*** Opening DATA UNDER STUDY ***
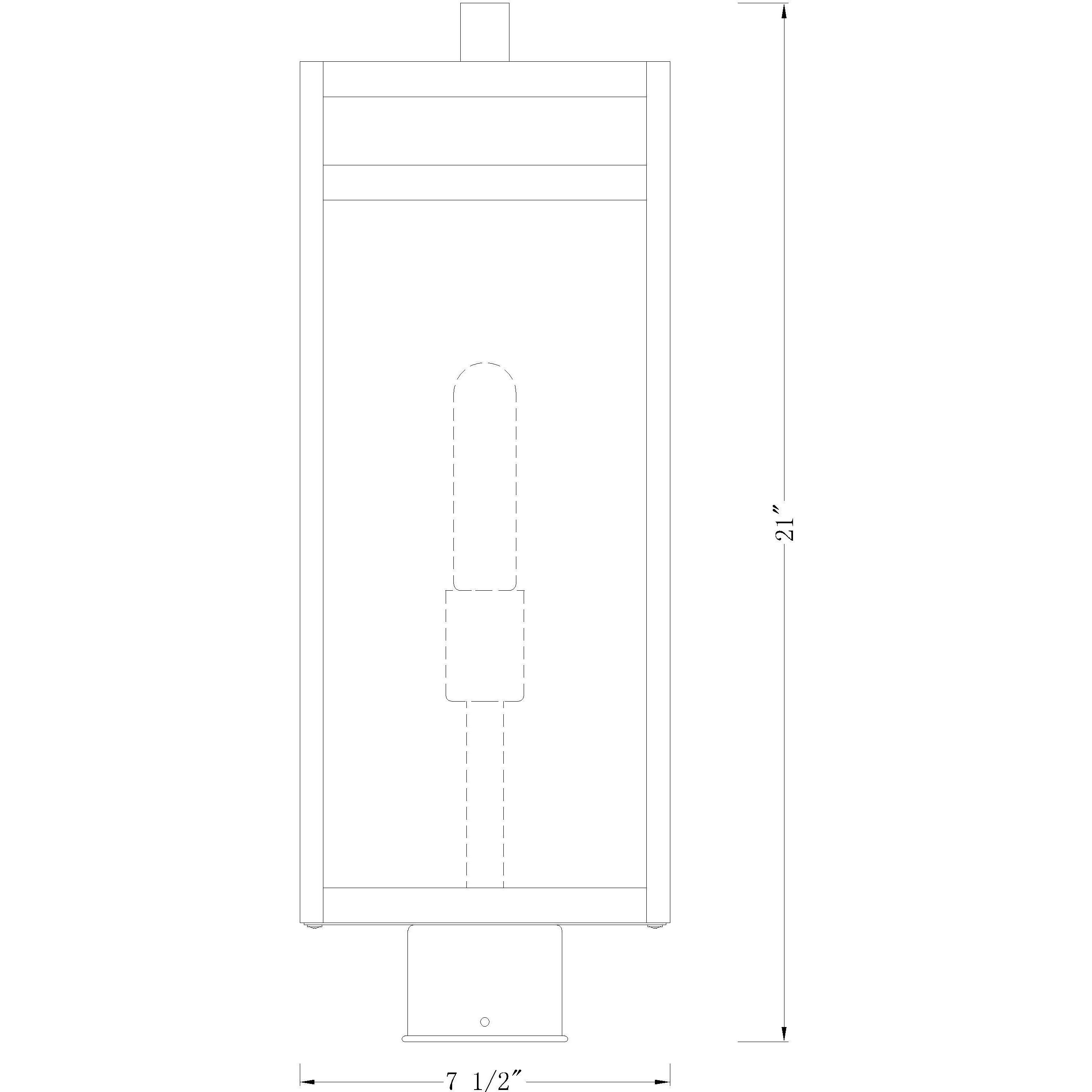 Nuri 1 Light 21.5 inch Black Outdoor Post Mount Fixture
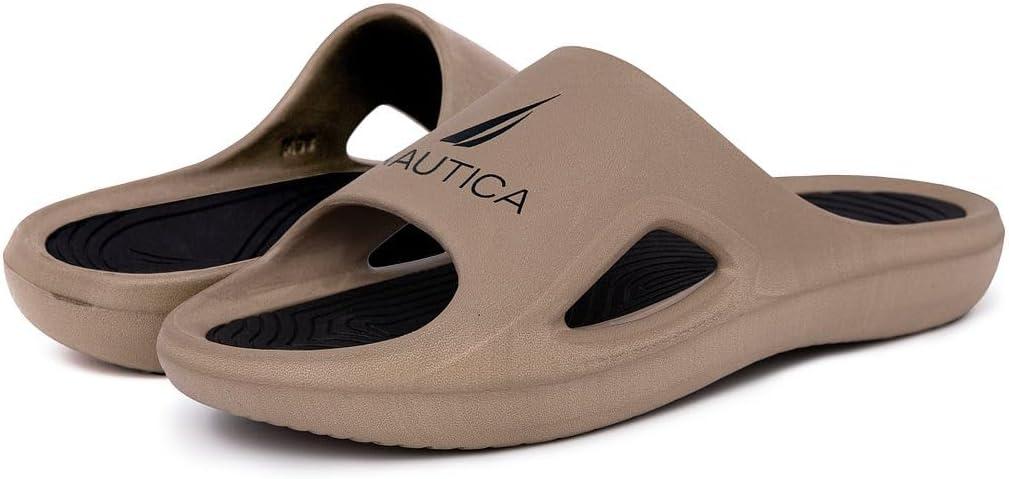 imageNautica Mens Athletic Slides Sport Shower Sandals for Indoor amp Outdoor Lightweight Durable and ComfortableDark Tan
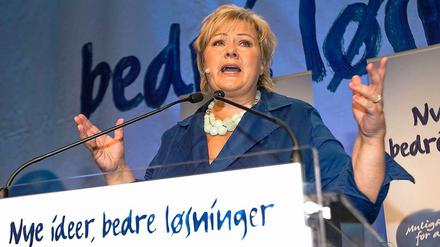 Wahlen in Norwegen: Die Konservative Erna Solberg kommt auf 96 der insgesamt 169 Sitze.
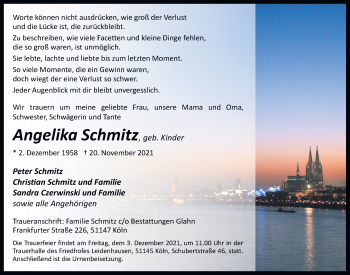 Anzeige von Angelika Schmitz von  Kölner Wochenspiegel 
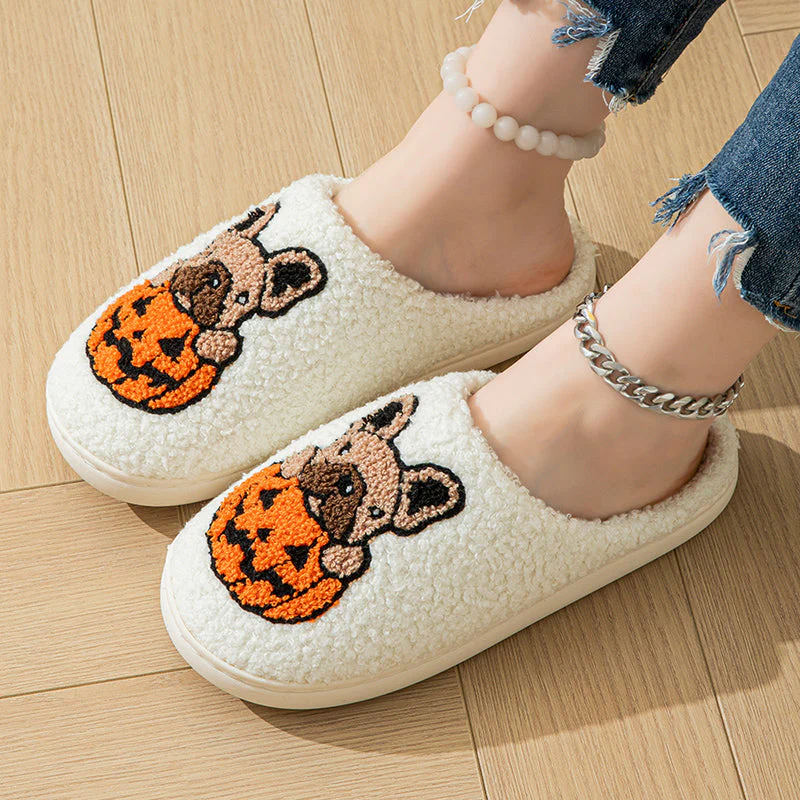 Pumpkin Pup Pantoffels | Warme dames sloffen met hond en pompoenprint - Image 4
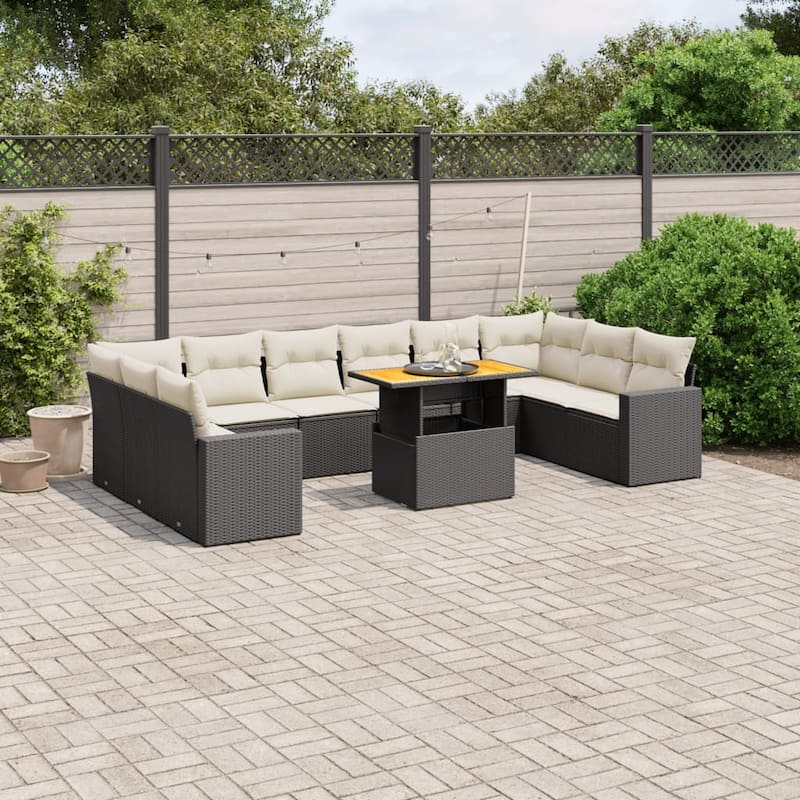 vidaXL Patio Sofa Set with Cushions Lounge Furniture Set 11 Piece Poly Rattan - 21.7 x 39.4 x 28.7 - Black  - form1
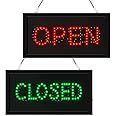 Open Closed Signs for Business LED Open Closed Sign Light Open and Closed Sign Display Closed Neon Sign Coffee Open Sign for Bar Pizza Store Restaurant Hotel ATM Party Supplies,18.9 x 9.8 Inches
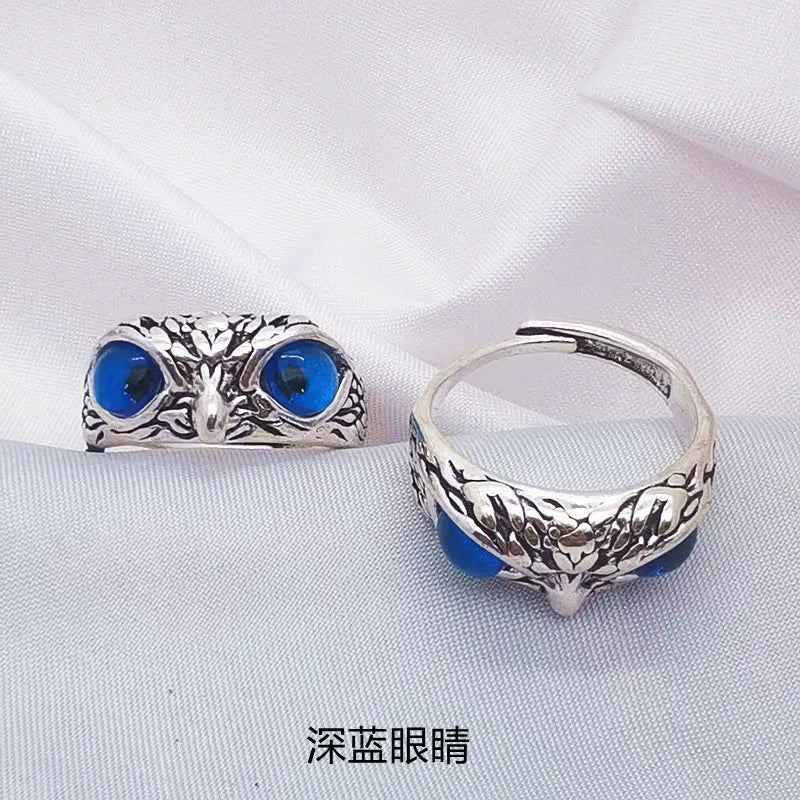 Charm Vintage Cute Men and Women Simple Design Owl Ring Silver Color Engagement Wedding Rings Jewelry Gifts Qme dark blue antique silver resizable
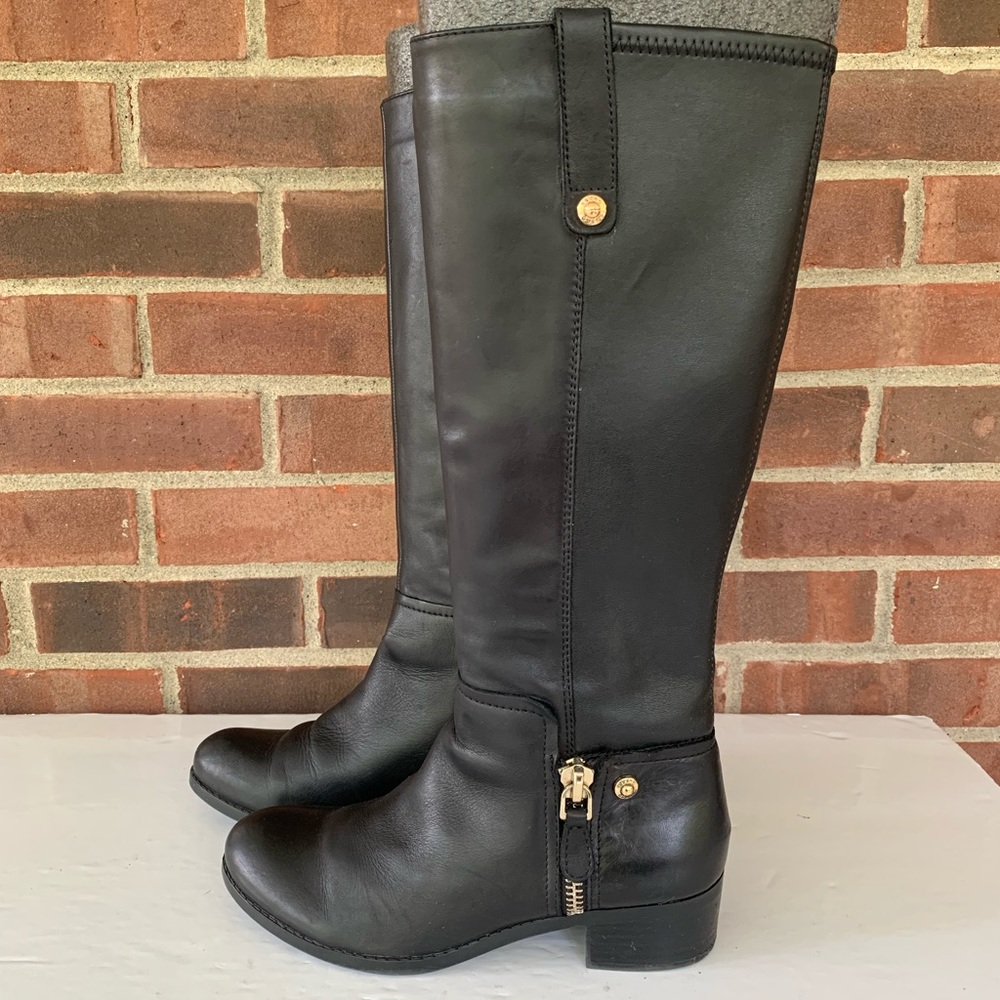 Guess Tafn black leather riding boots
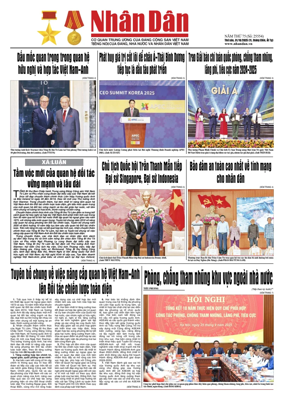 Cover of Nhan Dan newspaper
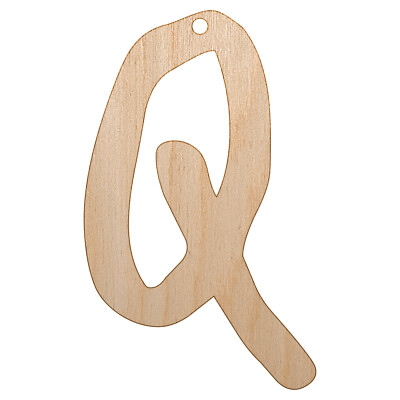 Letter Q Uppercase Felt Marker Font Unfinished Wood Christmas Tree DIY Ornament
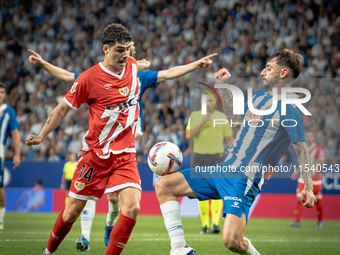 Jofre Carreras, Sergio Camello during the LaLiga EA Sports match between RCD Espanyol de Barcelona and Rayo Vallecano, on August 31, 2024....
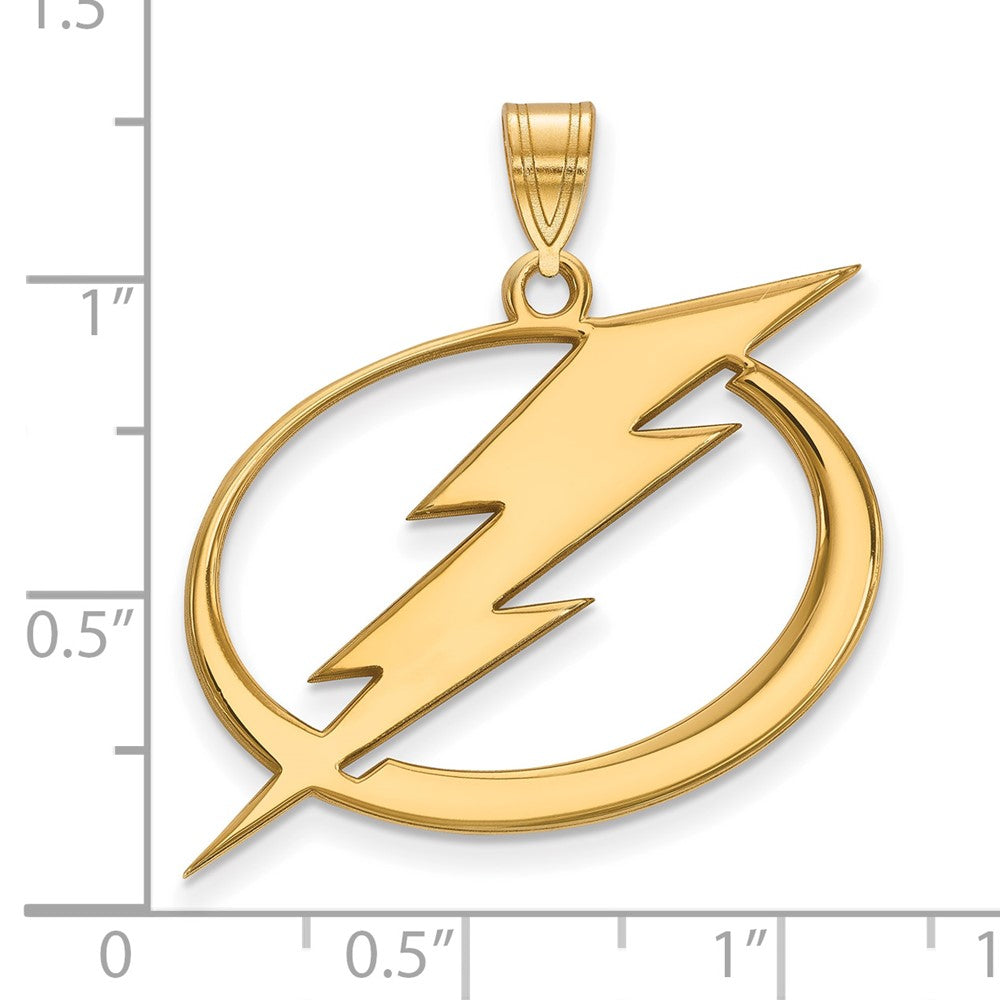 Gold Plated Sterling Silver Nhl Logoart Tampa Bay Lightning Extra Large Pendant
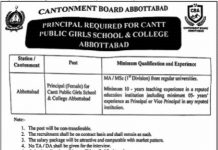 Principal Cantonment Board Abbottabad Jobs August 14, 2020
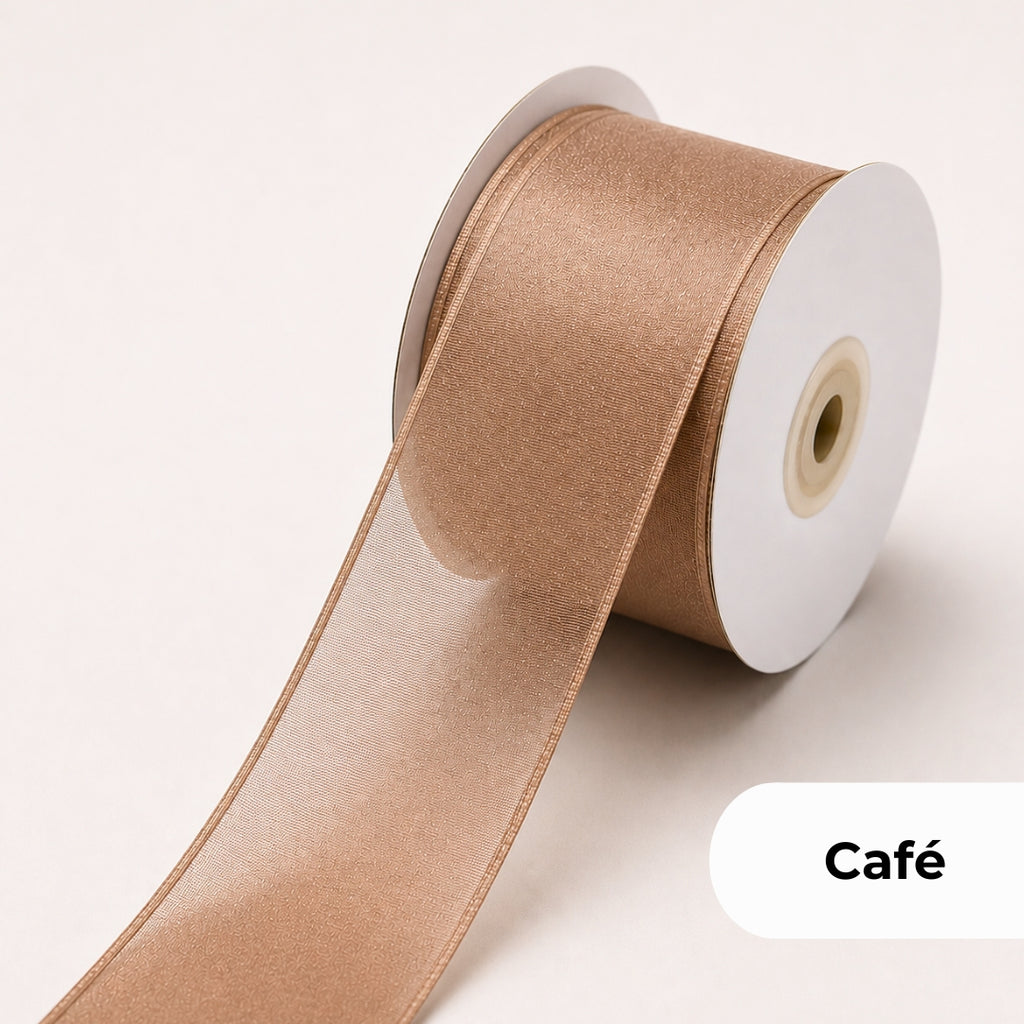 Listón de Organza Liso Premium (40 mm x 22 m) para Ramos y Regalos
*** Closing DATA UNDER STUDY ***
> [DIRECTIONS]:
A word-for-word copy of every entry, with the pictures left out, is the required answer.

> [SOLUTION TO THIS EXERCISE]:
 Nuri 1 Light 21.5 inch Black Outdoor Post Mount Fixture
 imageNautica Mens Athletic Slides Sport Shower Sandals for Indoor amp Outdoor Lightweight Durable and ComfortableDark Tan
 Wahlen in Norwegen: Die Konservative Erna Solberg kommt auf 96 der insgesamt 169 Sitze.
 Anzeige von Angelika Schmitz von  Kölner Wochenspiegel 
 Pumpkin Pup Pantoffels | Warme dames sloffen met hond en pompoenprint - Image 4
 vidaXL Patio Sofa Set with Cushions Lounge Furniture Set 11 Piece Poly Rattan - 21.7 x 39.4 x 28.7 - Black  - form1
 Open Closed Signs for Business LED Open Closed Sign Light Open and Closed Sign Display Closed Neon Sign Coffee Open Sign for Bar Pizza Store Restaurant Hotel ATM Party Supplies,18.9 x 9.8 Inches
 Charm Vintage Cute Men and Women Simple Design Owl Ring Silver Color Engagement Wedding Rings Jewelry Gifts Qme dark blue antique silver resizable
 Guess Tafn black leather riding boots
 Cover of Nhan Dan newspaper
 Letter Q Uppercase Felt Marker Font Unfinished Wood Christmas Tree DIY Ornament
 Jofre Carreras, Sergio Camello during the LaLiga EA Sports match between RCD Espanyol de Barcelona and Rayo Vallecano, on August 31, 2024....
 Gold Plated Sterling Silver Nhl Logoart Tampa Bay Lightning Extra Large Pendant
 Principal Cantonment Board Abbottabad Jobs August 14, 2020
 Listón de Organza Liso Premium (40 mm x 22 m) para Ramos y Regalos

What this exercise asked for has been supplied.